W ciągu kwartału białostocki oddział ZUS zwykle przyjmuje blisko 27 tys. wniosków. W związku ze zmianą przepisów, w IV kwartale br. takich wniosków będzie 35 tys.! W kraju - ponad 331 tys. wniosków, czyli o 100 tys. więcej niż średnia z ostatnich lat.
- Tych ludzi i dokumenty trzeba przyjąć i - jak my to mówimy - „obrobić”, co często nie trwa krótko. I mamy problem, jak bezbłędnie i terminowo wykonać to dodatkowe zadanie - mówi Beata Wójcik, przewodnicząca Związku Zawodowego Pracowników ZUS. - Przed rokiem zwolniono tysiąc pracowników w wieku emerytalnym. Teraz nie ma kto pracować, więc będą nadgodziny - dodaje.
Urzędnicy będą zmuszeni do brania nadgodzin, ale niektórzy z nich już mają ich ponad 100. A Kodeks Pracy zezwala na 150 godzin nadliczbowych w roku kalendarzowym.
- Już wcześniej informowaliśmy kierownictwo Zakładu, że - zgodnie z wewnętrznymi normami - będziemy mieli około 7 minut na klienta. To stanowczo za krótko, by rzetelnie obsłużyć interesanta i sprawdzić poprawność wniosku - podkreśla szefowa związku zawodowego.

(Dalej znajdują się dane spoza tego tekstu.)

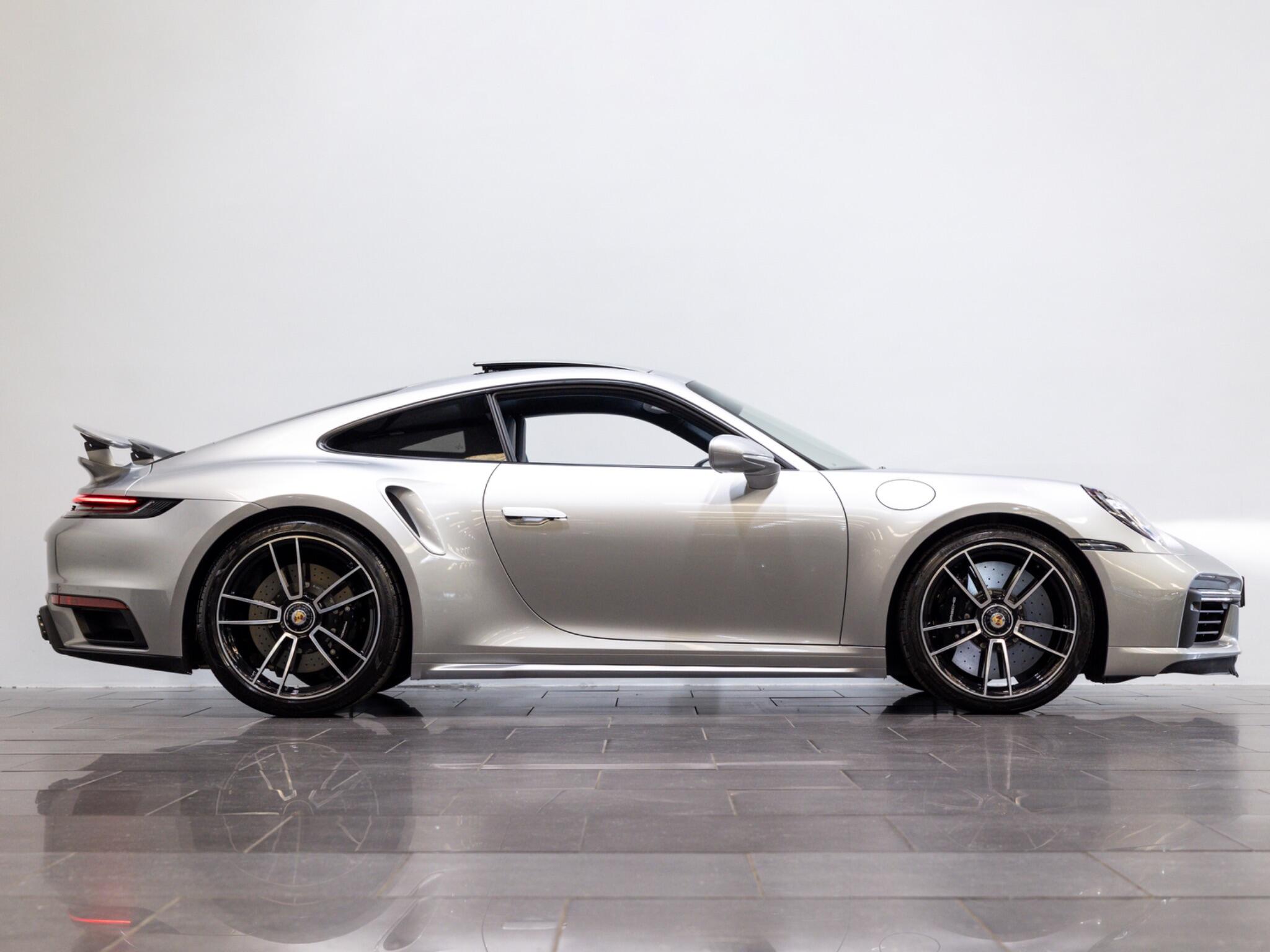 Porsche 911 view 6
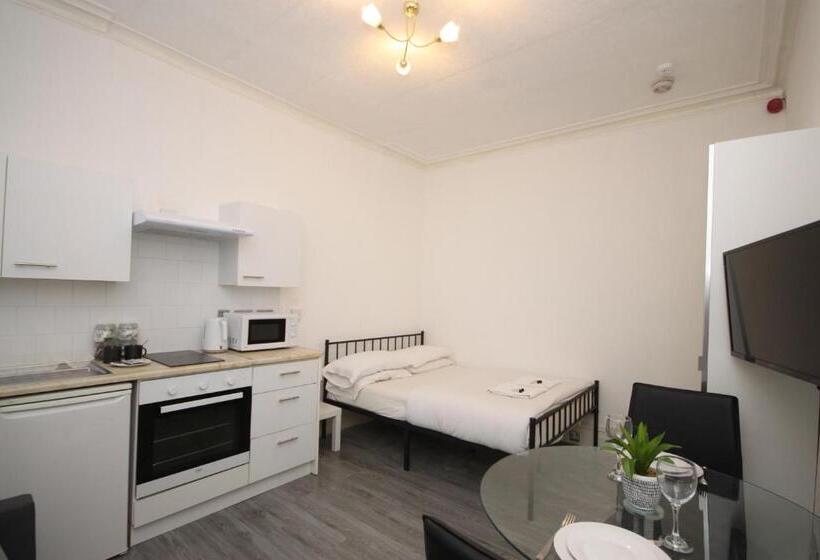 استودیوی استاندارد, Barton Beachside Apartments   Free Parking, Modern Chic, Central Beach Location, Some Sea Views   Fa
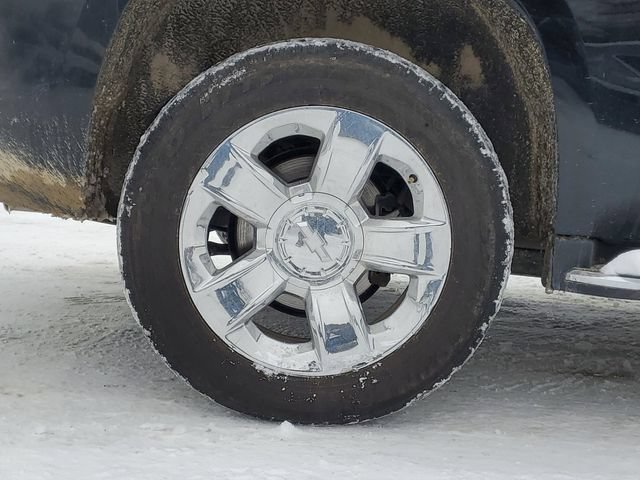 Used 2018 Chevrolet Tahoe Premier AWD/4WD image 5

Dodaje, dla wielu urzędników, z których aż 86 proc. to kobiety, codzienna praca do godz. 18 będzie oznaczała inną organizację życia prywatnego.
- Nie wspomnę o tym, że praca po 10 godzin dziennie to wielkie obciążenie dla organizmu. Na zwiększonych obrotach pracujemy od 1999 r., czyli od reformy systemu emerytalnego - zauważa Beata Wójcik.
Dlatego związkowcy (z ZZP ZUS i dziewięciu innych organizacji związkowych działających w ZUS-ie) weszli w spór zbiorowy. Zażądali 700 zł podwyżek, podkreślając, że wiele osób pracuje za 2 tys. zł brutto. Kierownictwo ZUS-u zgodziło się najpierw na 150 zł brutto z wyrównaniem do końca 2017, a w ostatni czwartek na jeszcze 200 zł.
- Na rękę dostaniemy mniej, więc jak ktoś otrzyma 1200 zł plus około 200 zł z tych podwyżek to sukces umiarkowany. Ludzie już są przemęczeni i boją się nawału pracy po wejściu ustawy wiekowej - tłumaczy szefowa ZZP ZUS.
Pracownicy ZUS-u są na tyle przerażeni przyszłym nawałem pracy, że ubezpieczają się od odpowiedzialności cywilnej. Nie chcą bowiem płacić odszkodowań za ewentualne błędne decyzje wynikające z przepracowania.
Gdy poprosiliśmy rzecznika centrali ZUS (podlaski odmówił, tłumacząc się brakiem kompetencji) o ocenę konfliktu płacowego w związku ze zwiększoną obsługę petentów, usłyszeliśmy, że został powołany mediator i „na dziś nikt o żadnym strajku nie mówi”. „Kwestia ubezpieczeń od tzw. błędów urzędniczych jest nam nieznana, ponieważ pośrednikiem w zawieraniu tych umów są same organizacje związkowe. Nie ma jednak zagrożenia, że ktoś kto działa w zgodzie z przepisami prawa i swoją najlepszą wiedzą będzie musiał płacić odszkodowania” - napisał Wojciech Andrusiewicz.
- Ubezpieczenia OC mamy od dwóch lat. Teraz uruchomimy trzecią transzę, bo ludzie bardzo proszą - wyjaśnia przewodniczaca Wójcik.
Dodaje, że kierownictwo ZUS-u zapewnia, iż do końca I kwartału 2018 r. nie będzie zwolnień.
- Czyli obsłużymy ten nawał wniosków i co? Murzyn zrobi swoje i będzie musiał odejść - mówi z goryczą.